Mad Dog Check this out! you will have to adapt the info to AAA's.
http://www.promatchracing.com/battnum.htm


----------



## okracer (Mar 11, 2002)

man i say lets keep the matching batts out of this class next thing ya know you will be paying 50 bucks for a matched pack of aaa s


----------



## jozimoto (May 2, 2003)

Okracer, too late dude ,some of the guys we race with already do some kind of matching. The class I run is a break out class anyway so its no big deal there. It's still a million laughs and we have a total blast. Mad dog also runs that class. He is one of the newer guys but he is a force in our class.
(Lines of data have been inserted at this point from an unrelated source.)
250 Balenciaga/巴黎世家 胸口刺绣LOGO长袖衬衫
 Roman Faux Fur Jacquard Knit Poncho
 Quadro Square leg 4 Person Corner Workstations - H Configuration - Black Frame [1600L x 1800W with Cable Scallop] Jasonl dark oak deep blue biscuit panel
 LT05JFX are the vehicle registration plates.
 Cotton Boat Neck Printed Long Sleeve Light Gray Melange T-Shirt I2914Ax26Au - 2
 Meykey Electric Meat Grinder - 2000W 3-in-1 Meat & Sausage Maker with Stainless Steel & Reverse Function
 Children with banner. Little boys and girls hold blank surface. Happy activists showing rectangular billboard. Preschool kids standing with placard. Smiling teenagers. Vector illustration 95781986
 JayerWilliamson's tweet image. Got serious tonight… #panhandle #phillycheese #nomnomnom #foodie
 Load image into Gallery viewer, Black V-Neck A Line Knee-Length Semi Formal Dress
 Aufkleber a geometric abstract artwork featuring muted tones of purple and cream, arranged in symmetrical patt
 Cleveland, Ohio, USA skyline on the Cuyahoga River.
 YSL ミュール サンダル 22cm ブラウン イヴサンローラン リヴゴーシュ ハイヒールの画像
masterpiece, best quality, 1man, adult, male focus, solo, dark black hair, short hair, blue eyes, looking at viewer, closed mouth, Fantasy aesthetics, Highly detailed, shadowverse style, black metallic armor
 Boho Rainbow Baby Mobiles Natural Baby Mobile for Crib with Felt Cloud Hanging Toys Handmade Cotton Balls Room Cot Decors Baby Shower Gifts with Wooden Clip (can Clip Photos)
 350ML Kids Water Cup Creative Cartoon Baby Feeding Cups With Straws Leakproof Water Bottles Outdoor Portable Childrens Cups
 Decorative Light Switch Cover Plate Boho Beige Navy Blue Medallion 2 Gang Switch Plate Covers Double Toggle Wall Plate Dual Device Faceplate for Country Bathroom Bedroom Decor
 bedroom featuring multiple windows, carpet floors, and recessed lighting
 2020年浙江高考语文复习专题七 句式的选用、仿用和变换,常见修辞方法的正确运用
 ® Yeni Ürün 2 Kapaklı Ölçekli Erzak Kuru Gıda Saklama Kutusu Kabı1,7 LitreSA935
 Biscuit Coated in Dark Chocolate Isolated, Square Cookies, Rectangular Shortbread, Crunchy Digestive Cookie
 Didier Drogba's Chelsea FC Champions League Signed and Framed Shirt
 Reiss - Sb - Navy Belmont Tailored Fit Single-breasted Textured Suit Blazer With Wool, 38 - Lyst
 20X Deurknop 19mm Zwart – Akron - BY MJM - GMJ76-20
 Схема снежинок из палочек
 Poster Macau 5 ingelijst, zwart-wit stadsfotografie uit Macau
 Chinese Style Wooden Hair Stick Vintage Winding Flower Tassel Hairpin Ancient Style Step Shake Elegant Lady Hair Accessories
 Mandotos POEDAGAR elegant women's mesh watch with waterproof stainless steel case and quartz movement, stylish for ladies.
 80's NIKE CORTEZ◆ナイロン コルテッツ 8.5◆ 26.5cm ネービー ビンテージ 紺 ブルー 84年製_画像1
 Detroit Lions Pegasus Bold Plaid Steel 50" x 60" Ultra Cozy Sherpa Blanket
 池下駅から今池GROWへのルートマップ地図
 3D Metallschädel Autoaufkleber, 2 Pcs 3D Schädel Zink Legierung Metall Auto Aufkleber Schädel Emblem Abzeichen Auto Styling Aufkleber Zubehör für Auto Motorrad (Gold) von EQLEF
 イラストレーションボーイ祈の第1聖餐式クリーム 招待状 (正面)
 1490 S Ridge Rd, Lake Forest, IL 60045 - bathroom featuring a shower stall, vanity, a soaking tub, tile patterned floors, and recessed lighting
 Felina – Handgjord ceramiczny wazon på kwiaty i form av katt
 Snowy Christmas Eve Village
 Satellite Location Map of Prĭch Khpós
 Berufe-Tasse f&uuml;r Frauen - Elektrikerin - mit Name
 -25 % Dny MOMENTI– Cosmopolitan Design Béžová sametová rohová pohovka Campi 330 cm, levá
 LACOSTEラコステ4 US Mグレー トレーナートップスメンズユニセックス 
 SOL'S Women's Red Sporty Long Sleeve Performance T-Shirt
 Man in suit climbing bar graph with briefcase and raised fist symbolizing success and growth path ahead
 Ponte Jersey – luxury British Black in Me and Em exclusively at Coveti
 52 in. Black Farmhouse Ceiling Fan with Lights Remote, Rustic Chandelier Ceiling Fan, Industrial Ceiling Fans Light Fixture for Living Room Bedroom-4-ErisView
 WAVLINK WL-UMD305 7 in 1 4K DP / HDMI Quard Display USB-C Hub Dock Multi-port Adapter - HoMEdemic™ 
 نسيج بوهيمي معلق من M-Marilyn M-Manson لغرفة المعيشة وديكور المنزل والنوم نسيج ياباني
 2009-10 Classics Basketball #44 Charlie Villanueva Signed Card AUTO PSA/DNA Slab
Are you lookin' to step up MD?


----------



## jozimoto (May 2, 2003)

Okracer, also one the rules is NO FET modifications in any class.


----------



## mad_51_dog (Dec 2, 2004)

*Info*

I am looking for new information about RC racing. In order to race Nextel class, I know I will need all the information possible. Plus I am need a way to beat ET! As of now, I am staying in the hooters class, too much fun!


----------



## mad_51_dog (Dec 2, 2004)

*Understand OK*

OK, I totally understand your plight. I left 1/10th scale racing beacuse of costs. I love Mini Z racing and like Joz said, the highest class we have matched batteries. One thing I know is that I do not want to make the wallet the determinig factor, but I do want to know what I am up against if I change classes.


----------



## jb06 (Mar 7, 2006)

*aahhhh nuts*

you dont need all that jacked up garbage. i have not ran my batteries in ayear and got fourth in a main . batteries do help but you dont need those expensive ones. car set up key!!!......jb :wave:


----------